DATA SECTION:
--------------------
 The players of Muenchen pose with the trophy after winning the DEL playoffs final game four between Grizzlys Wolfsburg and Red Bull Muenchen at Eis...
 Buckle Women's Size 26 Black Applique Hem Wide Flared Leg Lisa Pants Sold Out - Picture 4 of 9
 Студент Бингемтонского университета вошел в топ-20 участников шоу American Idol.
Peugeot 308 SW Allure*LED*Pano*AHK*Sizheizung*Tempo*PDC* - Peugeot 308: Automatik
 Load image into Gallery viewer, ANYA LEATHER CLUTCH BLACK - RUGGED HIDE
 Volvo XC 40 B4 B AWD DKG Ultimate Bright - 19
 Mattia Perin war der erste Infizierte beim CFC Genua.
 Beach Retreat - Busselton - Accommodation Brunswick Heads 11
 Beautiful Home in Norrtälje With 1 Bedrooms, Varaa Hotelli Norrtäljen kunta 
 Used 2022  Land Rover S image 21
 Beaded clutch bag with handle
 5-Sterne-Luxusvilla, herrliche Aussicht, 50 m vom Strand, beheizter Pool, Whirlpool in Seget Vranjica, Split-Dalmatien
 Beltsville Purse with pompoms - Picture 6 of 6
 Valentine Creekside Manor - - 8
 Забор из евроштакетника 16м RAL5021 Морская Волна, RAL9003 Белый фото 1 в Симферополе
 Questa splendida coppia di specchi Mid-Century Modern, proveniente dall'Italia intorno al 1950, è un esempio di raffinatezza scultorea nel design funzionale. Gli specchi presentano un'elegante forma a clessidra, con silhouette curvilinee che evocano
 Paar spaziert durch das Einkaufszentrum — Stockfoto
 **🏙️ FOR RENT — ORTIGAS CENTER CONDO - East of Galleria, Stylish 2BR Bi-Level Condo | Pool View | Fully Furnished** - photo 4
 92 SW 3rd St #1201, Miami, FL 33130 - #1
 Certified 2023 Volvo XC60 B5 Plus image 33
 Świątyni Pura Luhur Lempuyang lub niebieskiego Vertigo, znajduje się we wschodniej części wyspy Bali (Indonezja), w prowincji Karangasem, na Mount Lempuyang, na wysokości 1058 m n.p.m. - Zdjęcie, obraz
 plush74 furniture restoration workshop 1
--------------------
When you find a line in the records that contains the word "Picture", copy it.

COMPLETED TASK:
 Buckle Women's Size 26 Black Applique Hem Wide Flared Leg Lisa Pants Sold Out - Picture 4 of 9
 Beltsville Purse with pompoms - Picture 6 of 6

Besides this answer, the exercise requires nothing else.